Published on Monday, June 25, 2007
By Anthony Boadle
HAVANA, Cuba (Reuters): When Jose Luis Cabrera had coronary by-pass
surgery after a heart attack five years ago, his wife had to bring food
and clean sheets to him in the hospital. The operation itself didn't
cost the Cuban couple a cent.
"I am so grateful. They saved his life," said his wife, Daisy Martinez,
who works as a cleaner in an office. "It would have cost a fortune in
the United States."
Hospitals in Cuba are often shabby and badly-lit, and lack equipment and
medicines. But the health system built by President Fidel Castro's
government has produced results on a par with rich nations using the
resources of a developing country.
Experts say that is because Cuba focused on prevention and because its
universal free health care allows Cubans to see a doctor quickly and
treat illness before it needs costly procedures.
The Cuban system is extolled in filmmaker Michael Moore's new
documentary "SiCKO," which argues that US health care tends more to the
profits of insurance and pharmaceutical companies than to public health.
To make his point, Moore goes to Communist Cuba with a group of
Americans who suffer from health problems derived from working as
volunteers in the ruins of New York's World Trade Center after the
attacks of September 11, 2001.
The film, which is due to open in US theaters on June 29, makes the
point that the treatment they lack in the United States is available for
free in Cuba.
On key statistics measured by the World Health Organization, Cuba is in
line with the United States.
The average life expectancy of a child born in Cuba is 77.2 years,
compared with 77.9 years in the United States, according to the WHO.
The number of children dying before their fifth birthday is seven per
1,000 live births in Cuba and eight per 1,000 in the United States.
Yet the United States spends more than 26 times as much on health,
$6,096 per person a year, compared with only $229 in Cuba, the WHO
figures show.
DOCTORS FOR EXPORT
While Cuba has 73,000 doctors, twice as many doctors per capita as the
United States, in recent years it has sent as many as 15,000 to work in
the slums of Venezuela, its main political ally, in exchange for vital
oil supplies.
The export of medical services has hurt Cuba's family doctor system and
caused longer waits at health centers.
At the Havana clinic where Moore's American patients received free
check-ups in March for respiratory problems and bone fractures suffered
at Ground Zero, Ivonne Torres reads a Buddhist text as she waits for an
appointment.
"The attention is pretty good, but it was a million times better six
years ago, when we always saw the same doctor," said Torres, who suffers
from tachycardia.
"The advantage is that it's free," Torres said. Medicine is often in
short supply, even over-the-counter drugs, she said.
While Moore got free care in Cuba, most foreigners pay, in what some
critics call a "two-tiered system" where elite hospitals are reserved
for the Communist leadership and celebrities such as Argentine soccer
idol Diego Maradona.
"In Cuba, the elite hospitals are as good as here, if not better," said
Leonel Cordova, a Cuban doctor who works as a emergency room physician
at Miami's Baptist Hospital.
"The hospitals dedicated to the health of regular citizens are a
disaster," said Cordova, who was sent to work in Zimbabwe and defected
in 2000. At these hospitals, Cubans bring personal items such as towels,
bed sheets, soap and even food, he said.
And while Cuba holds up its health care system as one of the
achievements of the revolution launched by Cuban leader Fidel Castro in
1959, critics of the Cuban government say health care and other social
benefits have come at a cost of political freedom in a one-party state.

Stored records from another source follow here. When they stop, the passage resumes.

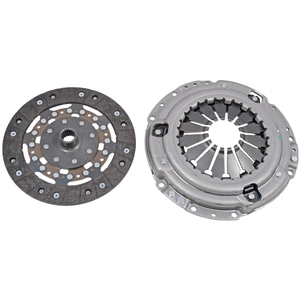 Blue Print ADN130233 Kit d'embrayage sans cylindre concentrique pas cher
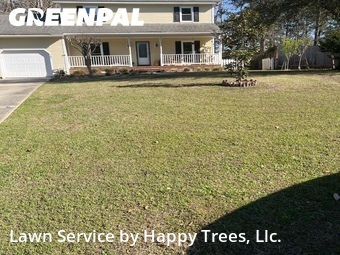 Yard Mowing nearby Jacksonville, NC, 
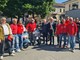 A Chivasso raduno internazionale di Vespa Club: tre giorni di eventi, visite e cultura A Chivasso raduno internazionale di Vespa Club: tre giorni di eventi, visite e cultura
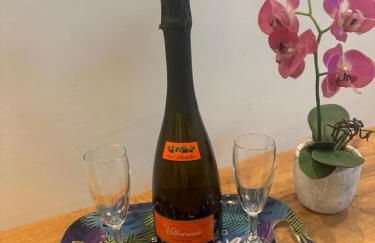 corso francia suite - Foto 65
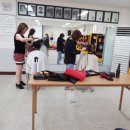 무지개클럽 이미지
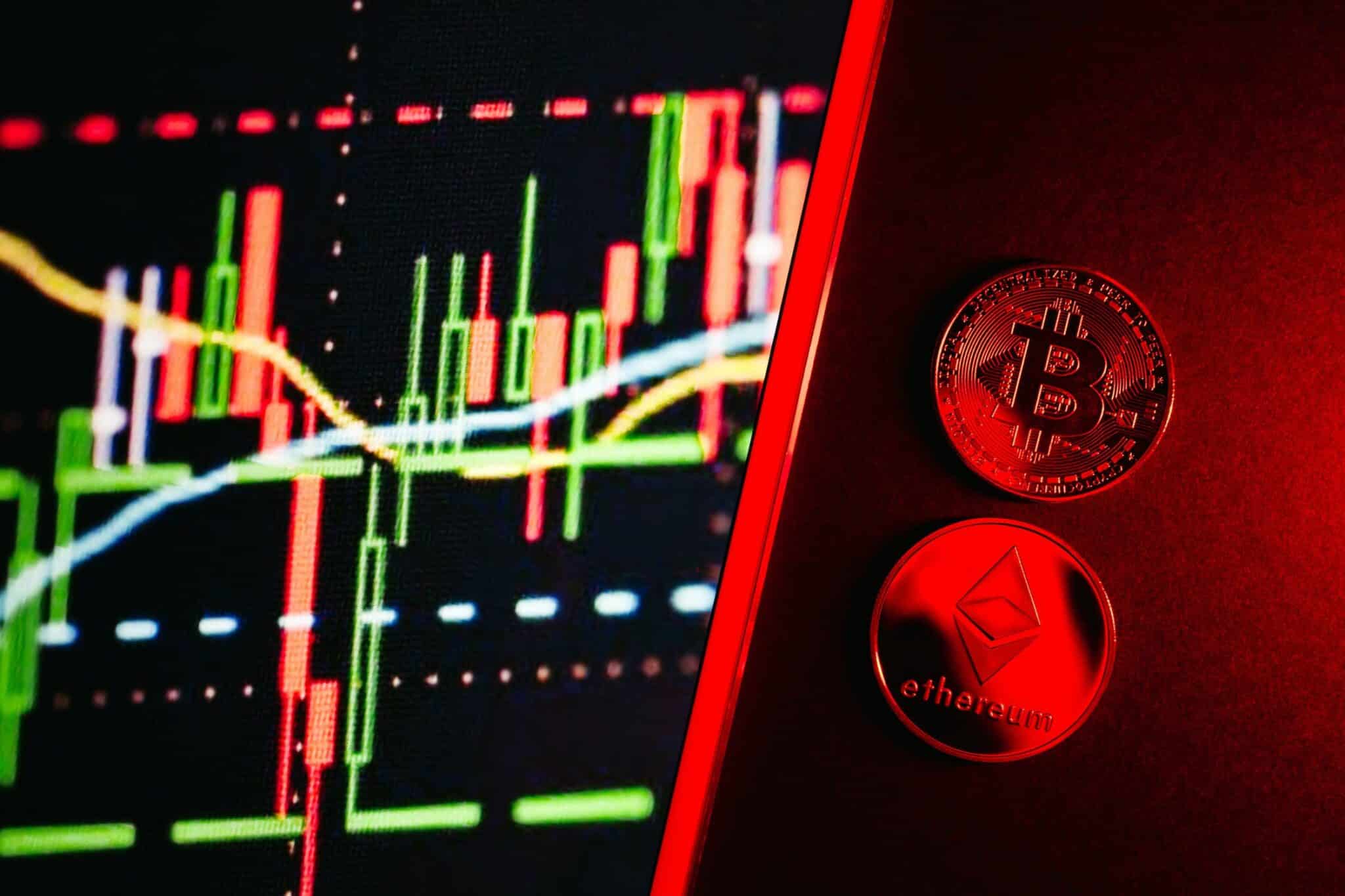 How to Buy Ripple Stock in 2025
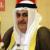 توهین وزیر امور خارجه بحرین به ایران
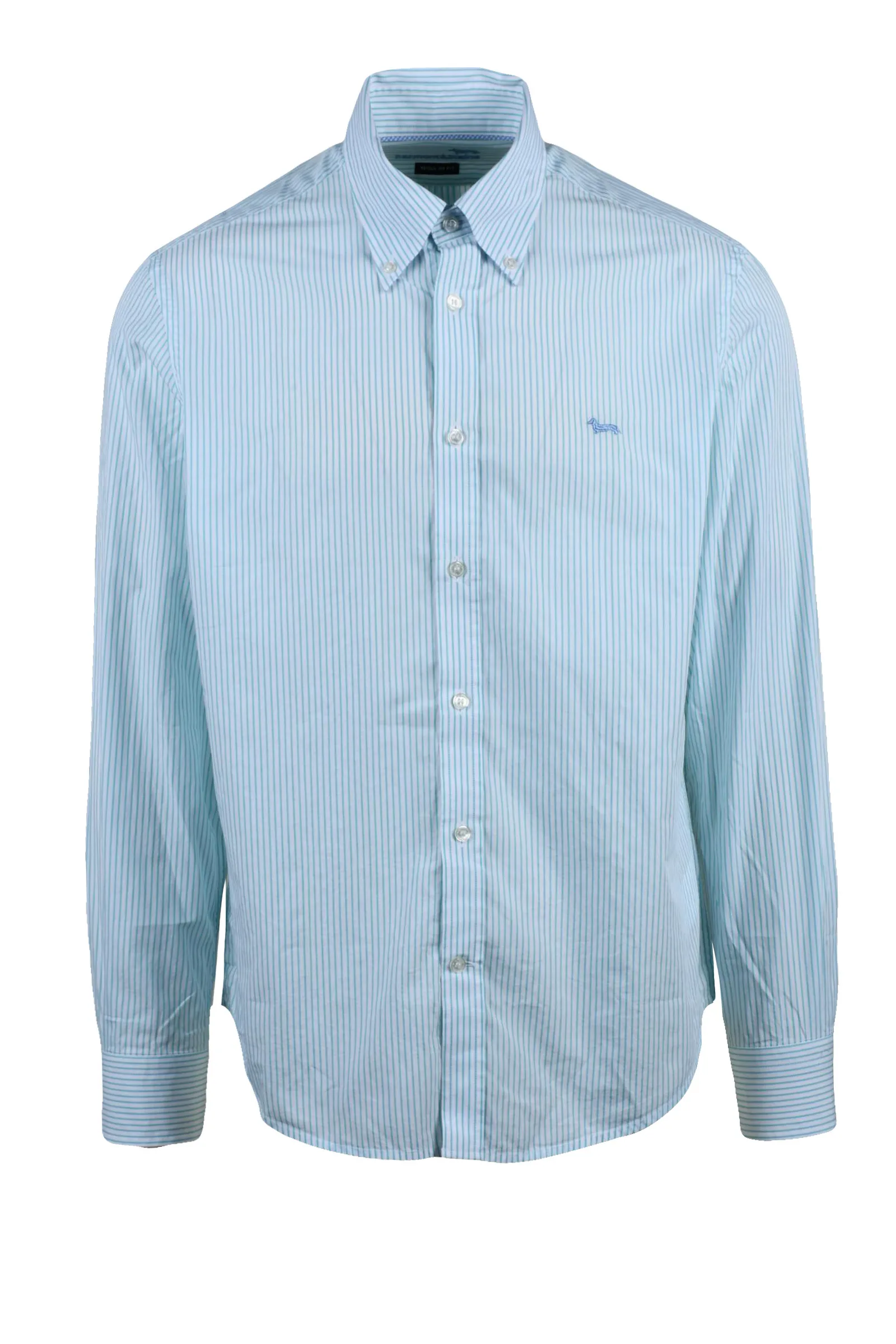 Camicia Bianca
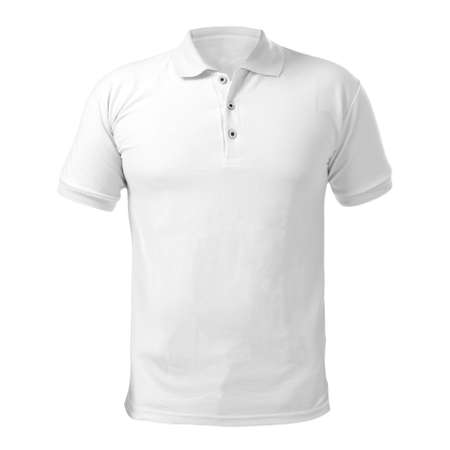T-shirt Polo
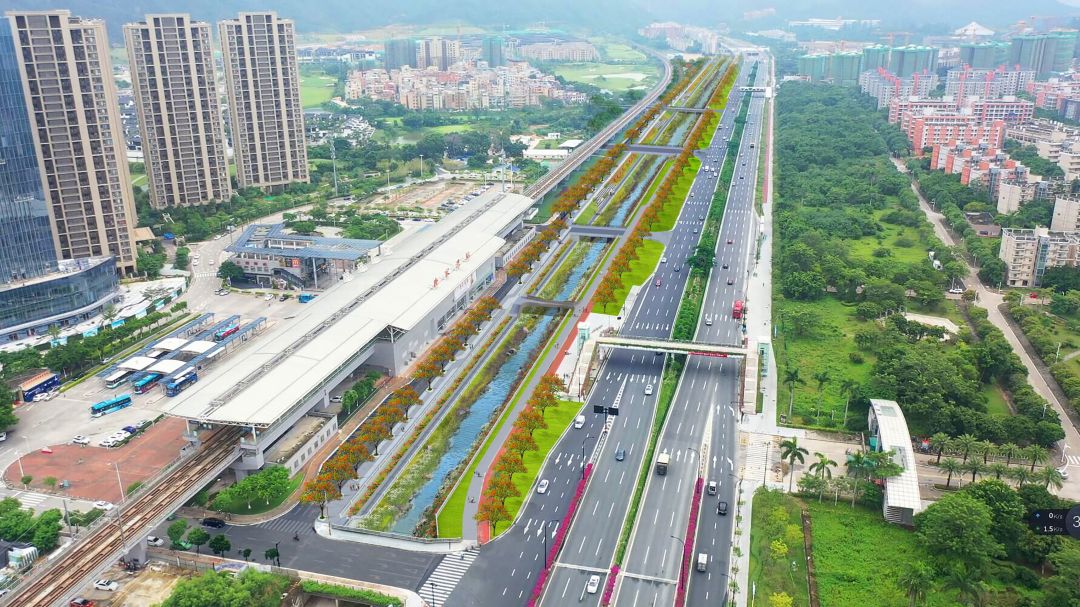 �������̡�������ź����v���ɽ������~��Χ���̶Ωw�ۺ����ι���TJ1��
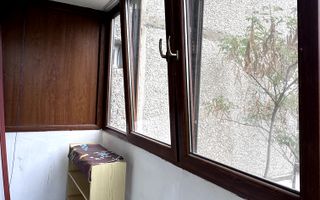 Apartament cu 3 camere | Orientare dubla | Nufărul | Oradea - Poză 8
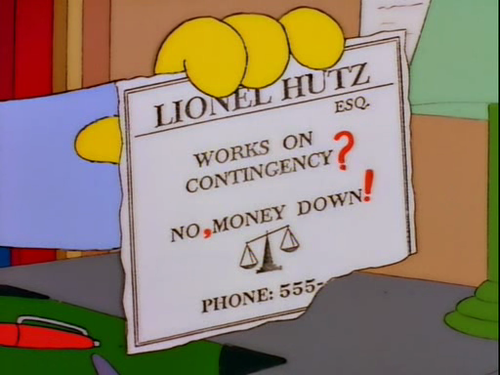 lionel-hutz-business-card-the-simpsons.png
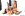 Lesbian Performers of the Year 2023 Gallery Image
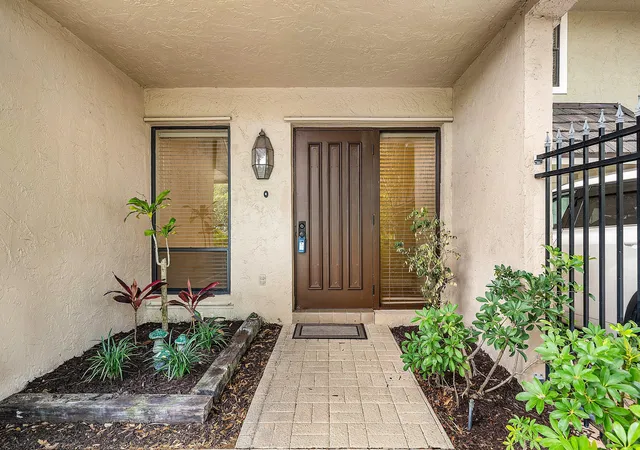 2nd image of 5664 Santiago Cir, Boca Raton, FL 33433 | MLS# B26008588
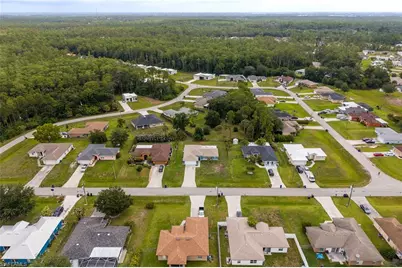 148 Ocean Park Dr, Lehigh Acres, FL 33972 - Photo 37
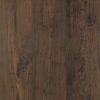 RevWood Select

Still, Cuba is a model for other developing countries that cannot afford
costly medical treatment and where preventing illness makes good
economic sense, said Gail Reed, producer of a recent documentary on
Cuban health care called "Salud!"
Dr. David Hickey, a transplant surgeon at Beaumont Hospital in Dublin,
said Cuba is a world leader in primary health care based on preventive
medicine.
"It's a very sobering experience for someone coming from the affluent
West to see what they can achieve," he said.
Hickey, an honorary professor of surgery at Havana University, said he
had nothing to teach Cuban doctors who do heart, kidney, pancreas and
liver transplants.
A decades-old US trade embargo against Cuba forced it to develop its own
molecular biology industry, which produces innovative drugs that prevent
rejection in transplants.
Cuba has developed the world's first Meningitis B vaccine which is
available in Third World countries but not in Europe or the United
States due to US sanctions.
Hickey said Cuba's health care budget was no larger that his hospital's.
"Cuba looks after 11 million with the same budget and produces better
health care in terms of life expectancy, infant mortality and
vaccination rates than we do," he said.